The treasure might be found tomorrow or light years from now, but the mystery continues. So far, Fenn has received 22,000 emails, including one from a 14-year old girl who asked, "Is the Hope Diamond in the Treasure Chest?" Another seeker wanted to know, "Is the gold going to rust?" Two guys fighting for the same parking space in Jackson Hole discovered they were both looking for the treasure, so that afternoon they searched together. A mother wrote that her son wanted to look for the treasure in Grebe Lake, but was worried. "Does Yellowstone Park control the alligators? She asked.

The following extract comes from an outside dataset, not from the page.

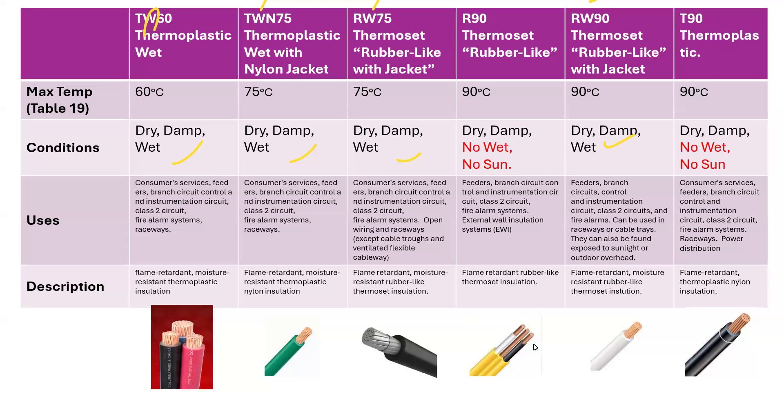Now the T — the T you see here and here and here — means thermoplastic. Thermoplastic is the T that you're seeing there. However, sometimes there is an R, and the R actually means a different thing that sounds like thermoplastic, but it's not.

Fenn (with the new treasure map) is the only one who knows where the booty is

Some of the emails Fenn receives make him chuckle. A New Mexico archaeologist wanted to know if he had made an environmental impact study before he "dug a big hole and buried the gold vault." NYC cops caught a guy digging in Central Park near the Alice in Wonderland sculpture because he'd heard that Fenn could quote from Lewis Carroll's book. Another enterprising searcher asked that if his old truck broke down in the mountains, would Fenn come and take him the rest of the way to the treasure?

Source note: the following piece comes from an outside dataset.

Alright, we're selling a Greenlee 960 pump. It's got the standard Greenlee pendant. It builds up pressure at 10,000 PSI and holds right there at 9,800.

Fenn said that 32 women have emailed wanting to marry him. He grinned while telling me he usually writes back and asks if they have an airplane. Of course he's only joking because Fenn has been in love with his bride, Peggy, for 60 years. I asked Peggy if she knows where the treasure chest is hidden, and she said, "No, I've never asked because I know he wouldn't tell me."

And what does Fenn have to say about all the publicity and commotion his hidden treasure story has generated? He replied, "I've never said what I though the treasure is worth because I don't know, but writers keep upping its worth. When the value gets to $10 million I'm going back to get it."